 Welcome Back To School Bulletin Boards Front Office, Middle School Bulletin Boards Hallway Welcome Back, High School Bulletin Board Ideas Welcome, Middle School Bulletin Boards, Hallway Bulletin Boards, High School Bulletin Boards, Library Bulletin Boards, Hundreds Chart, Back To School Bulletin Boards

* * *

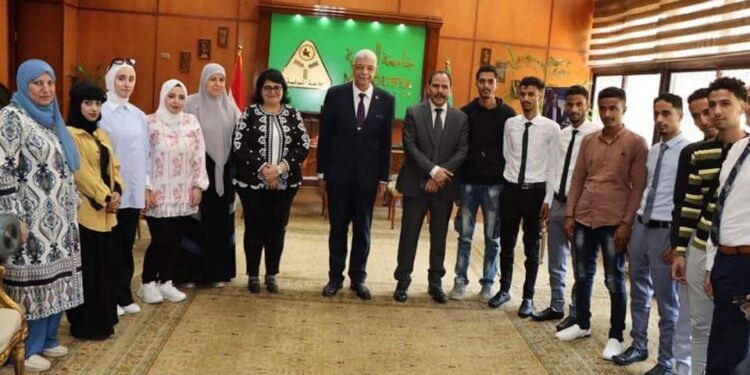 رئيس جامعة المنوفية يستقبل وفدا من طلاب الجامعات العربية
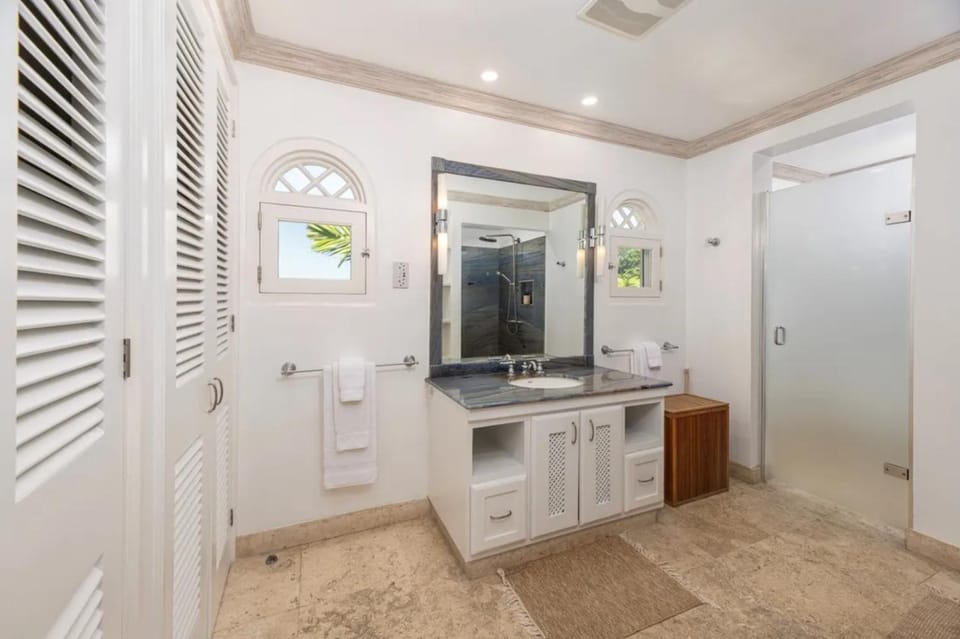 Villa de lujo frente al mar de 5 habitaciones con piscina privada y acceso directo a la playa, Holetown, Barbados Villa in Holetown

▶ [What the task asks] Nothing but the lines from the one containing "رئيس جامعة المنوفية" through the one containing "Villa de lujo" should appear, copied exactly from the material above and without pictures.

▶ [Solution]
 رئيس جامعة المنوفية يستقبل وفدا من طلاب الجامعات العربية
 Villa de lujo frente al mar de 5 habitaciones con piscina privada y acceso directo a la playa, Holetown, Barbados Villa in Holetown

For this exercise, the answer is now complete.